P.d.A. : Le festival est indissociable du Logis de la Chabotterie et reçoit le soutien du Conseil Général de Vendée. Quels sont les avantages de ce fort ancrage local ? Constitue-t-il un atout important, en particulier en des temps que l’on sait difficiles pour nombre de manifestations artistiques ?
H.R. : Le soutien que nous accorde le Conseil Général de Vendée est absolument essentiel et peut-être encore plus dans le contexte économique extrêmement tendu auquel nous devons faire face depuis quelques années. En effet, cette institution prend en charge non seulement le montage financier du festival, mais assure également, sur son propre personnel, l’intégralité de son organisation logistique, me permettant de n’avoir à me préoccuper que de l’artistique. En outre, son aide permet à La Simphonie du Marais de proposer, dans le cadre du festival, deux nouvelles créations par an et d’en enregistrer certaines. En retour, Musiques à la Chabotterie et La Simphonie du Marais participent au rayonnement de la Vendée, tant au niveau local, où leur travail sur le terrain en vue de fidéliser le public est intense, que sur le plan national et européen, en tentant de toujours proposer une programmation de qualité et des conditions d’accueil propres à attirer des musiciens venant de divers pays comme, cette année, l’ensemble russe Les Solistes de la Grande Catherine ou le britannique Florilegium. Même si le budget qu’il lui alloue n’a pas été épargné par la crise et a connu une baisse, je tiens à souligner que le Conseil Général ne s’est jamais désolidarisé du festival, qui n’aurait jamais pu, par exemple, mener à bien un projet aussi lourd qu’Atys sans sa participation et aurait même sans doute eu du mal à perdurer, en dépit des économies qu’il a réalisées sur ses frais de structure et sa logistique.
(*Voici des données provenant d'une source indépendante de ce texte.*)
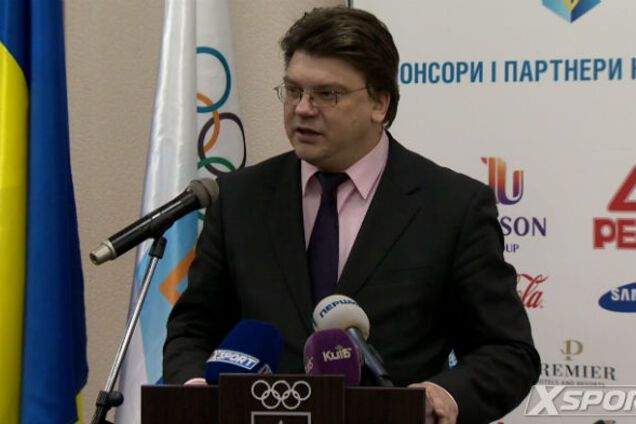 Жданов озвучил выплаты за медали для Украины на Паралимпиаде-2018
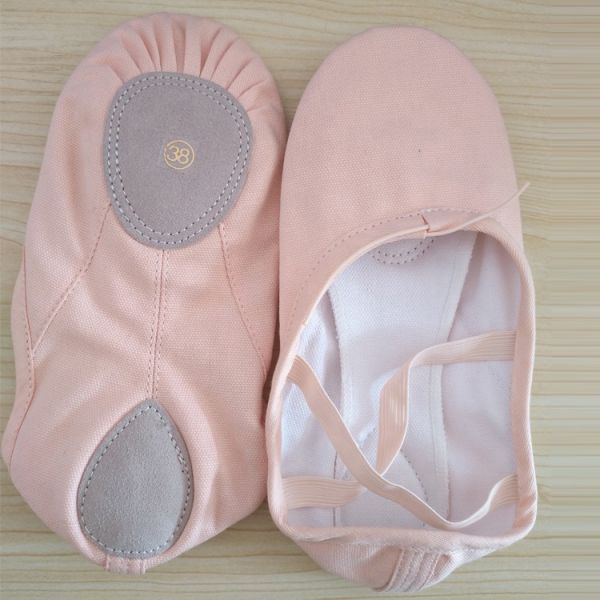 Zapatillas de Ballet Eledé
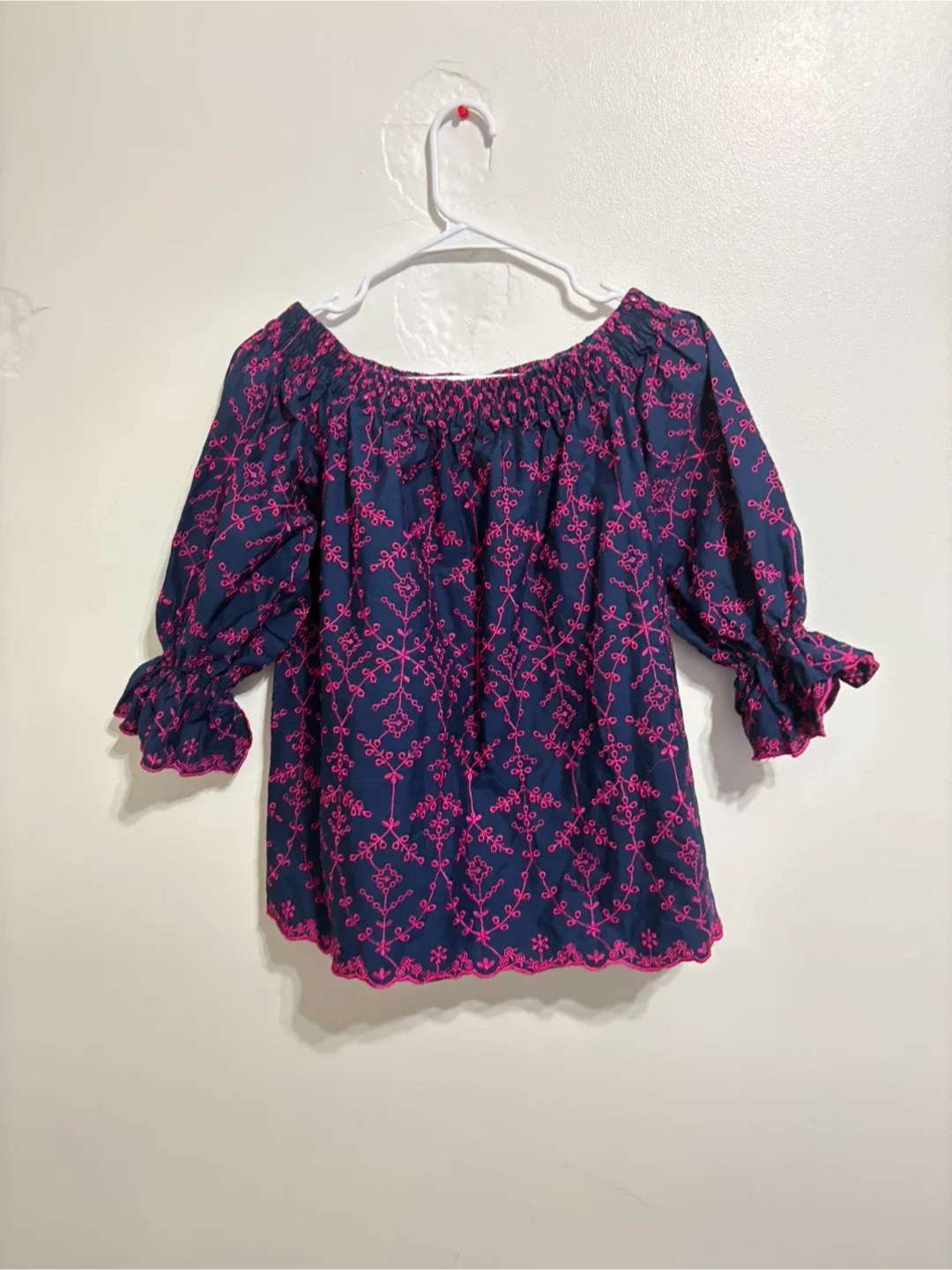 Ethnic by Outfitters Blouse - Size M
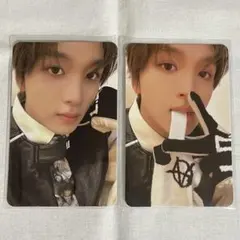 2026年最新】nctdream candy md ヘチャンの人気アイテム - メルカリ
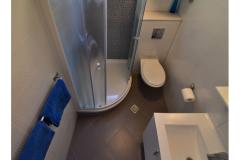 Villa Tila Drašnice Apartmán 2 - apartman 2 foto 3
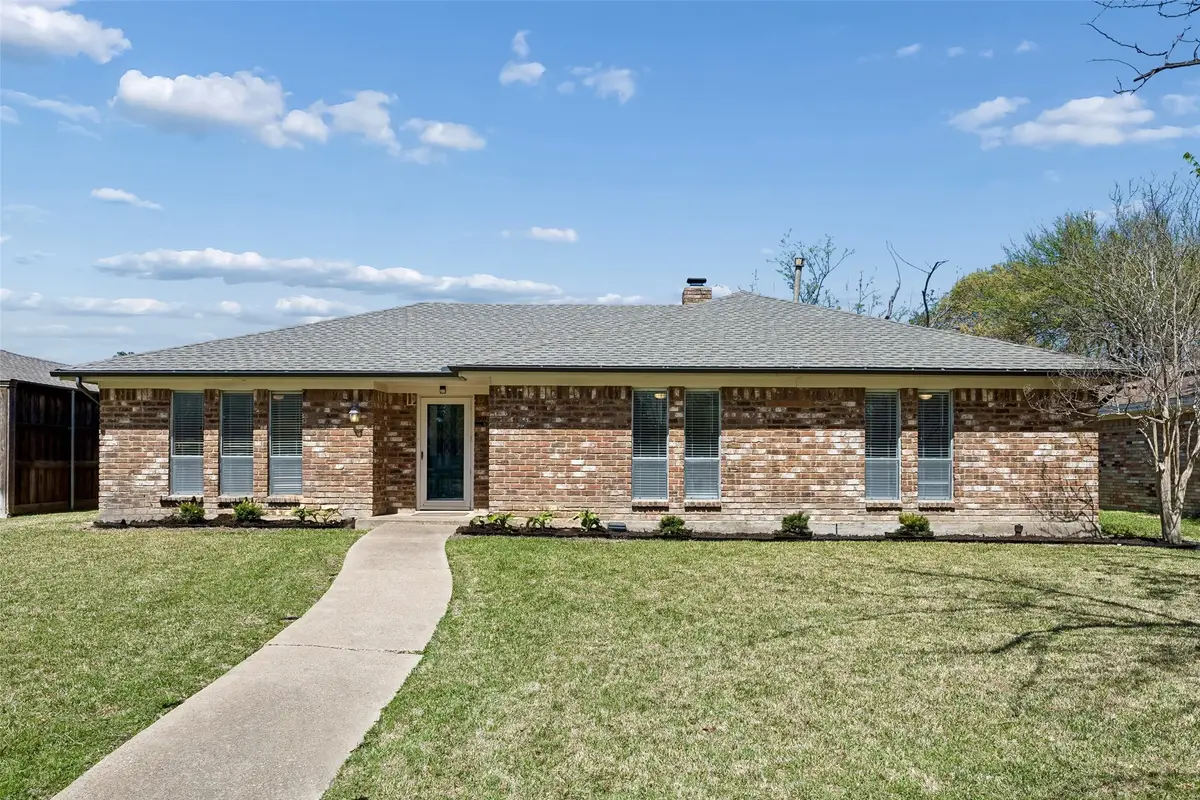 2107 Bengal Lane, Plano, TX 75023 - #1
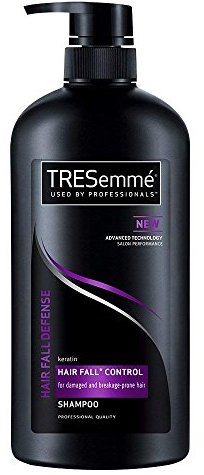 TRESemme Hair Fall Defense Shampoo, 580 ml von StanningEra
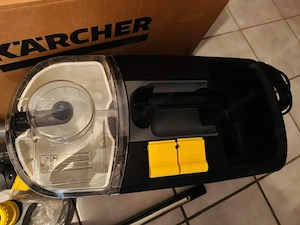 Kärcher Professional  Puzzi 10 1   Profi-Sprühextraktionsgerät  Bild 4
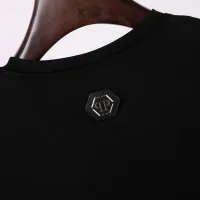 $27.00 USD Philipp Plein PP T-Shirts Short Sleeved For Men #1449995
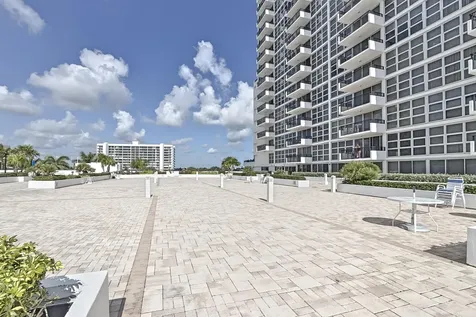 531 N Ocean Boulevard Pompano Beach FL 33062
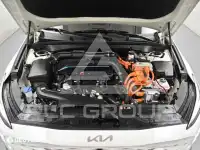 2023 KIA K8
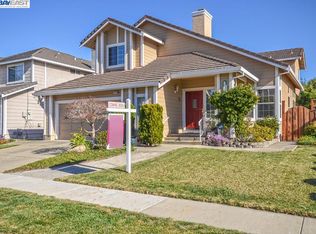 3234 Mountain Dr, Fremont, CA 94555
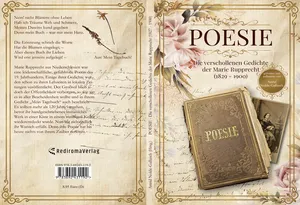Buch "Poesie - Die verschollenen Gedichte der Marie Rupprecht (1827-1900)"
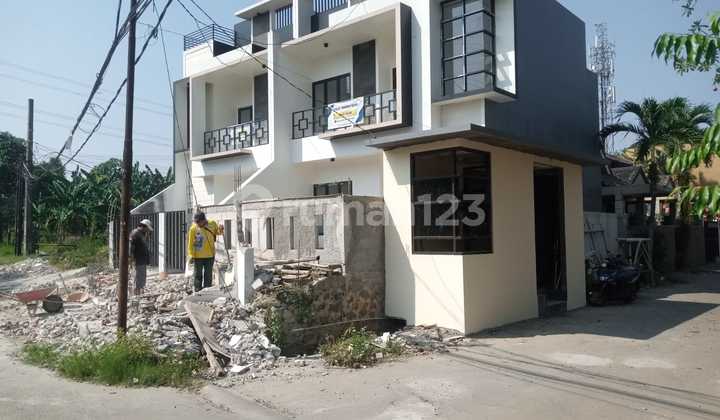 Best Deal Cinere! Rumah Baru Minimalis Dekat ke Tol Harga Menarik Best Deal Cinere! Rumah Baru Minimalis Dekat ke Tol Harga Menarik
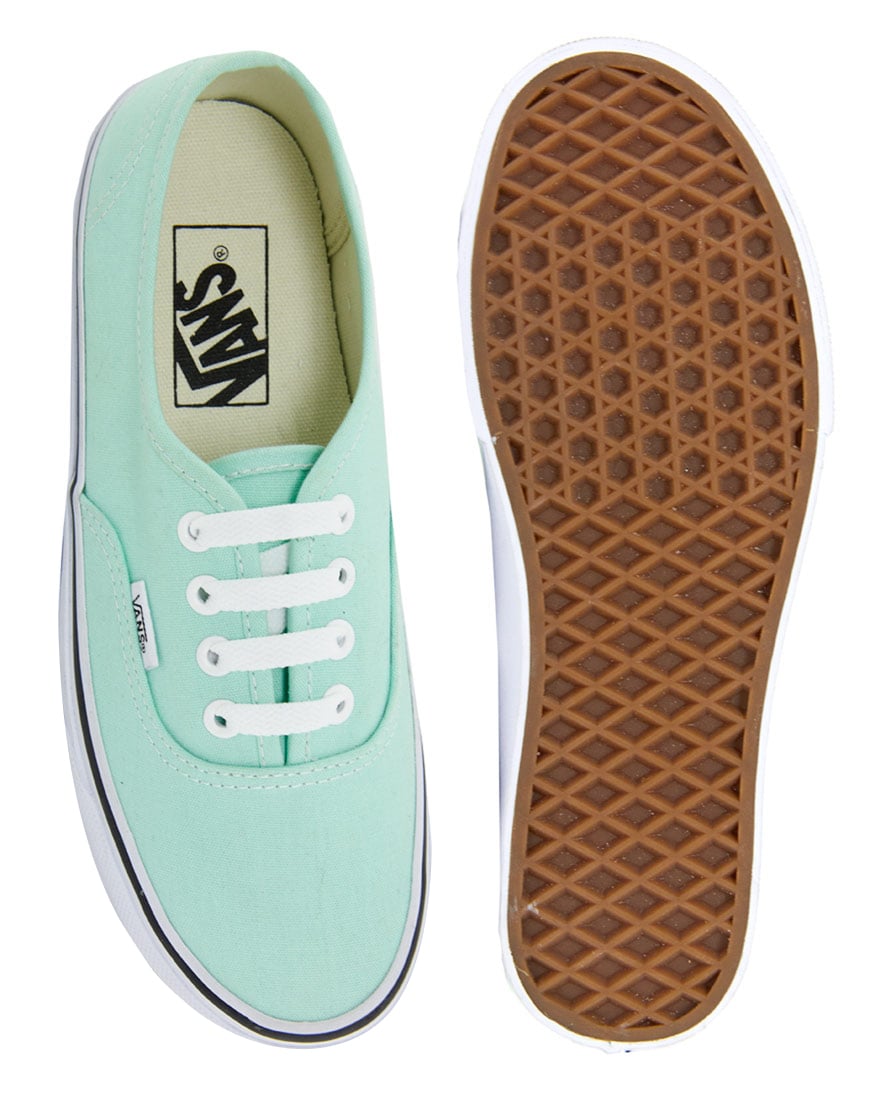 vans montante solde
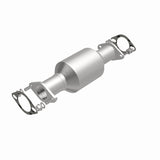 MagnaFlow direct-fit catalytic converter for 2003-2006 Kia 3.5L stainless steel Federal EPA compliant OBDII 23623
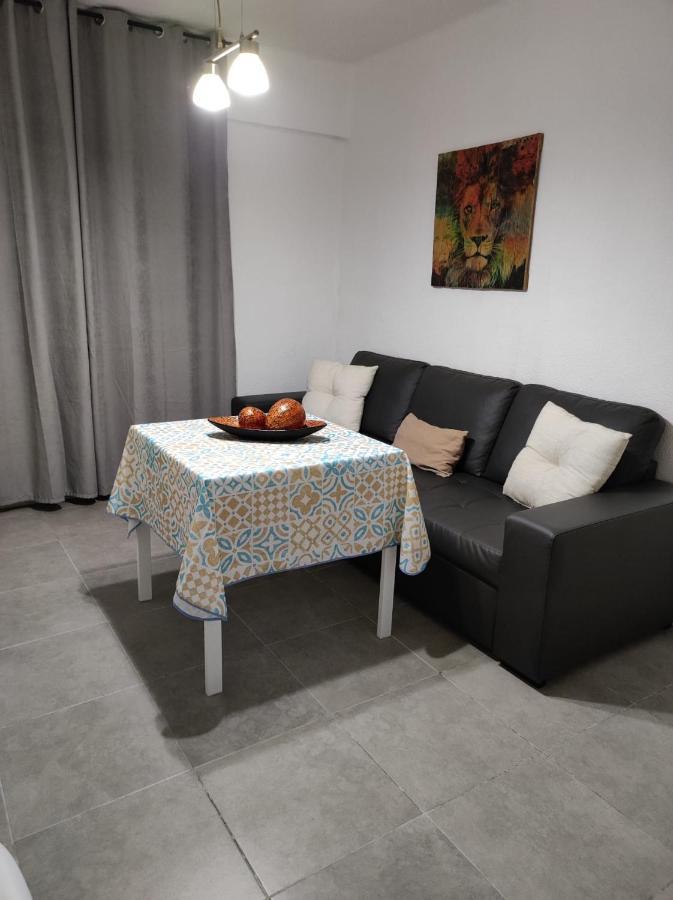 Готель Apartamento Turistico Кордова Екстер'єр фото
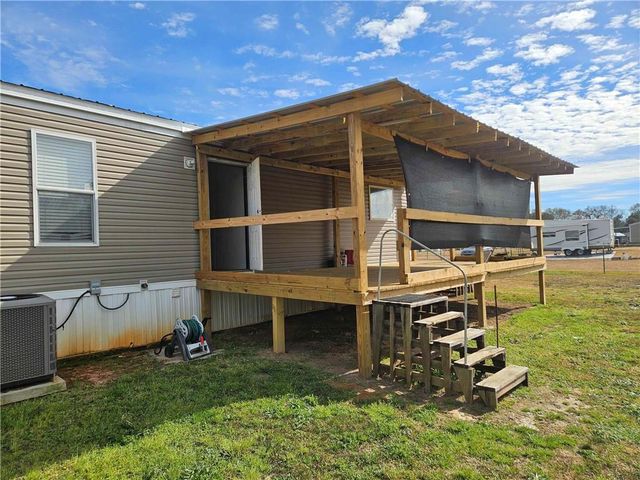 10552 Beverly Gardens Drive, Irvington, AL 36544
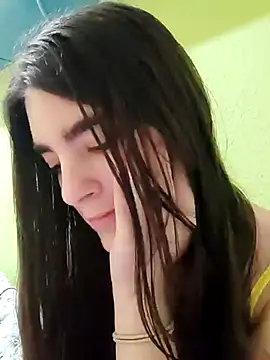 bbabyclauu online show from February 23, 11:25 pm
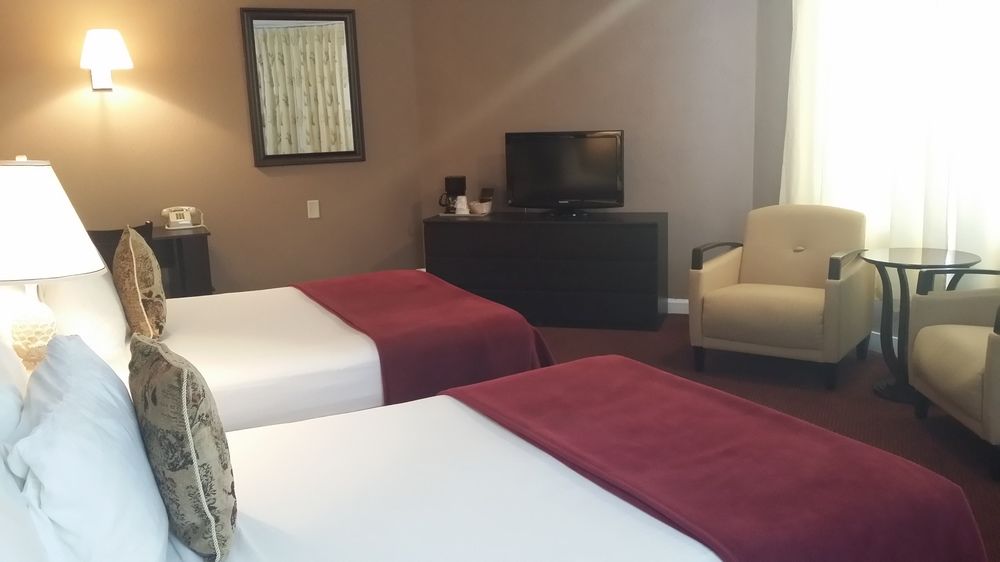 Seaspray Resort Ltd - photo 19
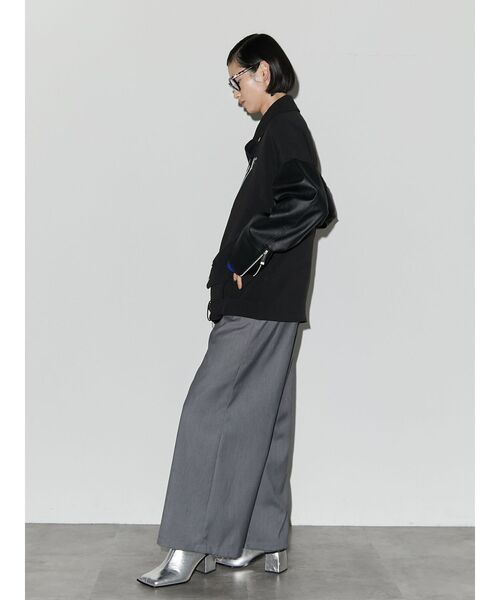 UN3D.（アンスリード）の「FOLD WIDE AIO / フォールドワイド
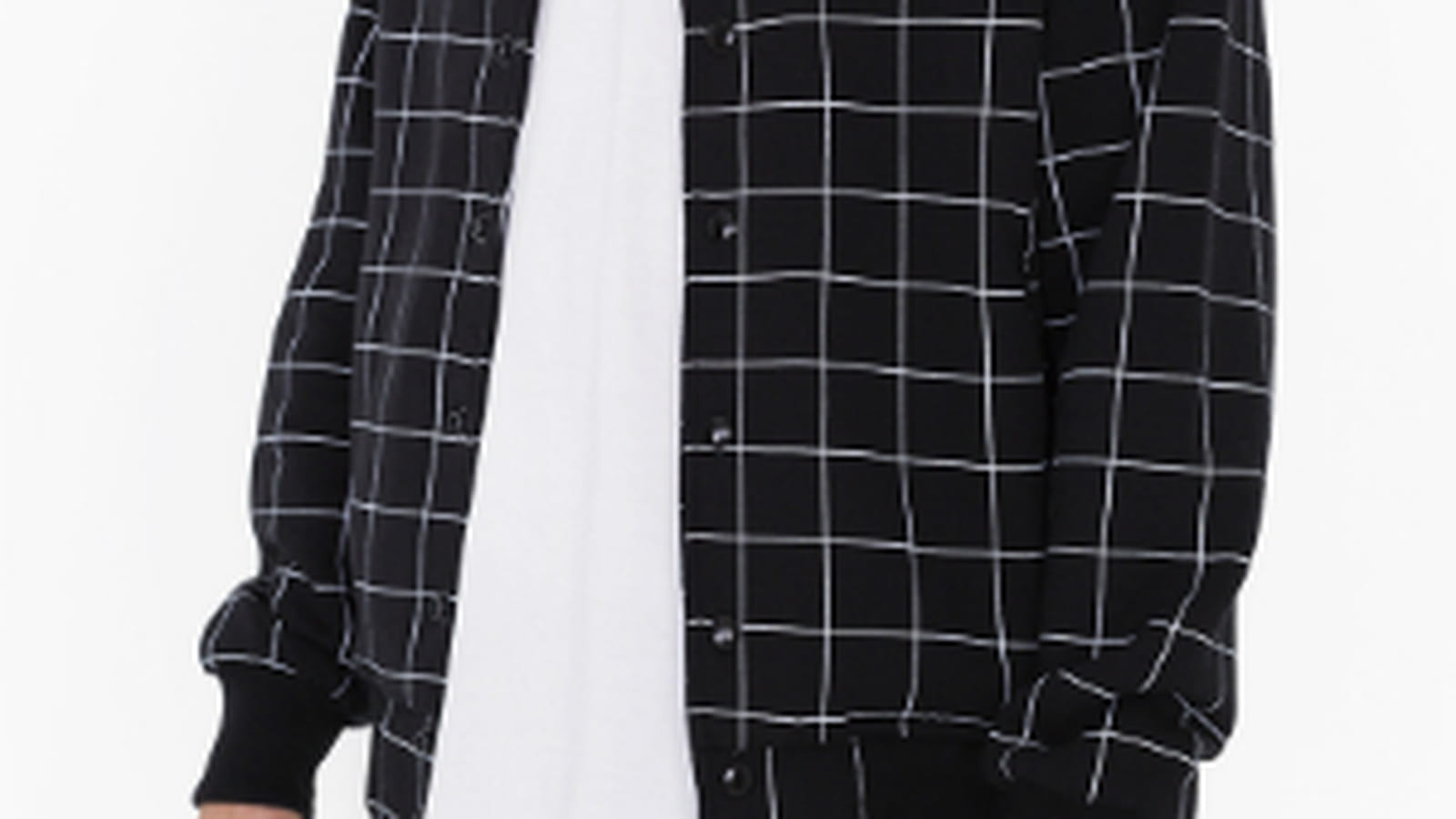 Blouson American Apparel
P.d.A. : Le programme de l’édition 2012 est particulièrement éclectique, puisqu’il permettra au public d’entreprendre un vaste voyage qui le conduira de la Renaissance à la fin du XVIIIe siècle, au travers de musiques bien connues, comme celles de Bach, Händel ou Vivaldi, mais aussi nettement moins fréquentées avec, entres autres, un programme russe ou des romances du temps de Louis XVI. Quelles ont été vos lignes directrices pour l’élaborer ? Parvenez-vous à concilier aisément les attentes d’inédit et de familier de votre auditoire ?
H.R. : Satisfaire le plus grand nombre est toujours difficile, mais j’estime vraiment, après avoir testé les deux solutions, que l’on y parvient mieux en adoptant une ligne directrice faisant la part belle à la variété plutôt qu’en se pliant à des programmations thématiques, plus rigides et souvent bancales. Le festival mise donc avant tout sur l’éclectisme pour fidéliser le plus large public, dont une partie vient au concert pour éprouver le frisson de l’inédit, quand une autre manifeste l’envie d’entendre les grandes pages du répertoire. Lorsque nous abordons ces dernières, comme cette année avec, entre autres, les Concertos Brandebourgeois de Bach, je tiens absolument à ce que ce soit avec un regard neuf. A cet effet, outre les échanges qui ont lieu avec les interprètes durant les Confidences baroques précédant les concerts, j’encourage toujours ceux-ci, comme je le fais moi-même, à expliquer en quelques mots aux auditeurs ce qu’ils vont entendre. Je tiens également compte, dans mes choix de programmation, des belles rencontres qui peuvent se produire lors des tournées, comme c’est le cas avec Les Solistes de la Grande Catherine, que nous avons déjà évoqués et qui vont proposer un programme comportant des compositeurs russes du XVIIIe siècle peu connus, mais aussi de l’amitié que j’ai pu nouer avec certains musiciens que je côtoie parfois depuis des décennies comme, entre autres, Michel Laplénie qui donnera cette année un programme intitulé Lumières du Baroque allemand. Enfin, j’essaie toujours de laisser aux artistes le plus de liberté possible quant à la composition des concerts qu’ils proposent dans le cadre du festival, car je pars du principe que s’ils prennent du plaisir en jouant des œuvres qu’ils aiment, ils le communiqueront plus facilement au public.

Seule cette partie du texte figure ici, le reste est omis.